Re: How to improve HBase read performance.

Juan Jose Escobar Thu, 07 Jun 2018 00:46:10 -0700

Hello,

Are you performing a single Scan? Note that it will process the rows one at
a time in sequential manner, one region at a time.


To benefit from your salted rowkeys and speedup the read you may want to
execute N Scans in parallel  (e.g. one per salt prefix). If you are using
some mapreduce you can create a custom TableInputFormat that generates one
split per region (or per prefix) with the salted ranges and pass that to
your job configuration (e,g, for mapduce or spark).

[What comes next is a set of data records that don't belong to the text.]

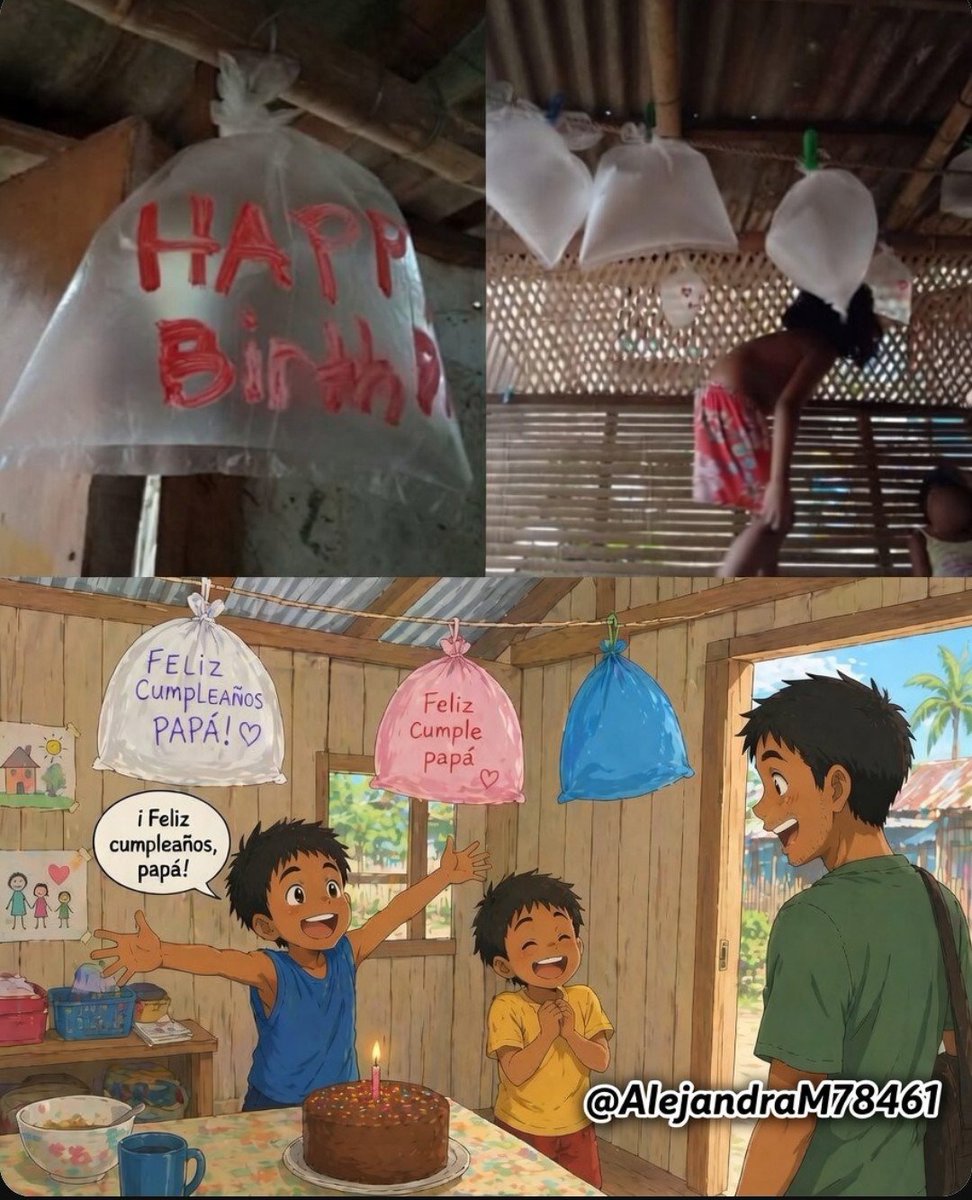 AlejandraM78461's tweet photo. Sin un solo globo… pero con el AMOR más grande del MUNDO.

No tenían globos para decorar el cumpleaños de su papá. Así que inflaron bolsas y las colgaron del techo. Les escribieron “FELIZ CUMPLEAÑOS, PAPÁ ” con marcador, las amarraron y las pusieron por toda la casa. 
También hicieron un pastel sin huevos con lo que había en la cocina.

Sucedió en Filipinas. Una vecina los vio preparando todo y lo compartió en redes. Cuando el papá llegó del trabajo, encontró la casa llena de “globos” improvisados, un pastel humilde y a sus hijos esperándolo con una sonrisa inmensa.
No había nada elegante. Pero había algo que no se compra.

¿Qué tan grande tiene que ser el amor para convertir una bolsa de plástico en la mejor decoración del mundo?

On Thu, Jun 7, 2018 at 4:05 AM, Kang Minwoo <minwoo.k...@outlook.com> wrote:

> Sorry for the late reply.
>
> The row key structure is shown below.
>
> {hash_salt (string hash)} + {timestamp} + {string}
>
> and  I am doing Range Scan.
>
> Best regards,
> Minwoo Kang
>
> ________________________________________
> 보낸 사람: sudhir patil <spatil.sud...@gmail.com>
> 보낸 날짜: 2018년 5월 26일 토요일 19:29
> 받는 사람: user@hbase.apache.org
> 제목: Re: How to improve HBase read performance.
>
> HBASE performance highly dependant on query & row key format.
>
> Can you share few rowkeys, query format? also what is encoding you are
> using?
>
> On Thu, May 24, 2018 at 8:38 PM, Kang Minwoo <minwoo.k...@outlook.com>
> wrote:
>
> > 5B logs a day?
> > => Yes, 5B/day
> >
> > You store a single log into a single cell?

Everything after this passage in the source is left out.